4 – Hall, Wade. Passing for Black.

5 – KET “Rest of the Story” video –  http://www.ket.org/civilrights/restofstory.htm

3 responses to Changing Times & The Pack Horse Librarians

  1. I found an intresting women in Kentucky history named Cora Wilson. She started many ‘moonlight’ schools across Kentucky in the early 1900’s that were designed to teach children and adults how to read and write. She was the first women to be elected president of the Kentucky Education Association and I thought this tied in with your journal entry. I dont know who to hyperlink websites but the site is http://www.kentuckystewarts.com/WilliamG/CoraWilsonStewartArticle.htm . These types of women became very important to the spread of education throughout Kentucky in the early 1900’s.

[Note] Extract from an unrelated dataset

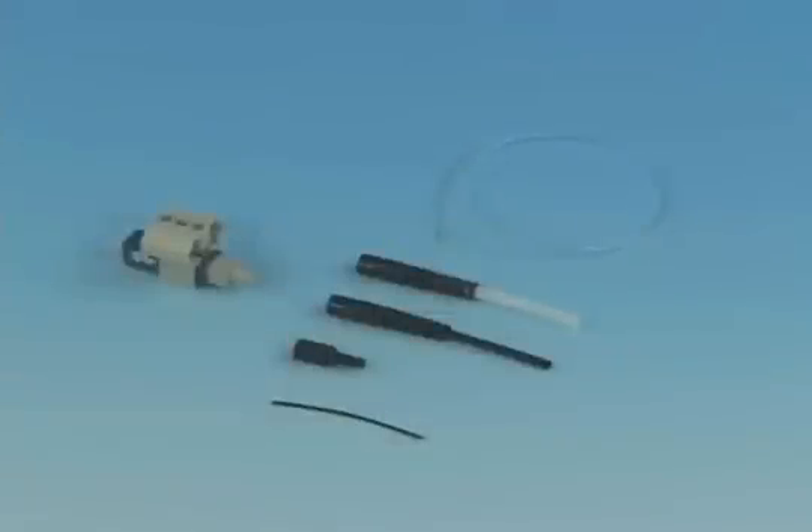Each FAST-SC connector includes the following components: the FAST-SC connector assembly with wedge clip installed, a 250 micron protective tube, a clear protective tube, a 3 millimeter boot, a 2 millimeter boot, and a 900 micron boot.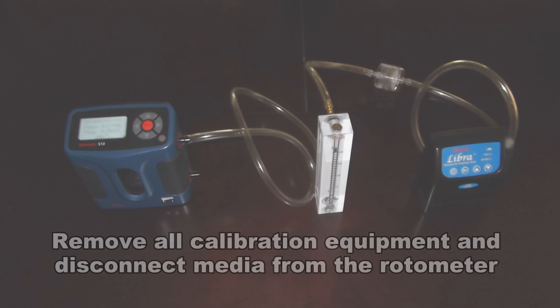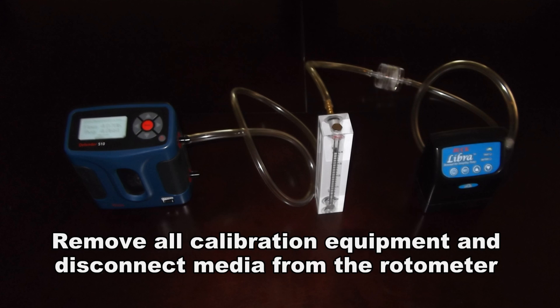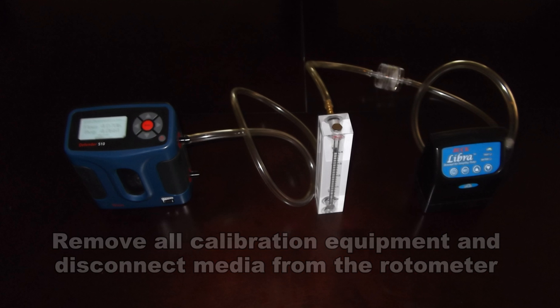Once calibration is confirmed, turn off the pump, disconnect the media from the rotometer, remove tubing and or adapter from the sampling side of the media, and you are now ready to begin sampling.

  2. That is really interesting. So strange that woman were paid by the government to carry books by mules to people some thing like that would be laughable today. Then though it was a real solution. I appreciate the link to pictures as well.

  3. Thanks for putting into perspective something a lot of people are starting to take for granted: learning to read and write. I enjoyed the Pack Horse Librarian information and pictures. It is troubling that a child was chided for using too much lamp oil for his nightly reading habits. The realities to survival are blunt and the frivolity line is oppressive.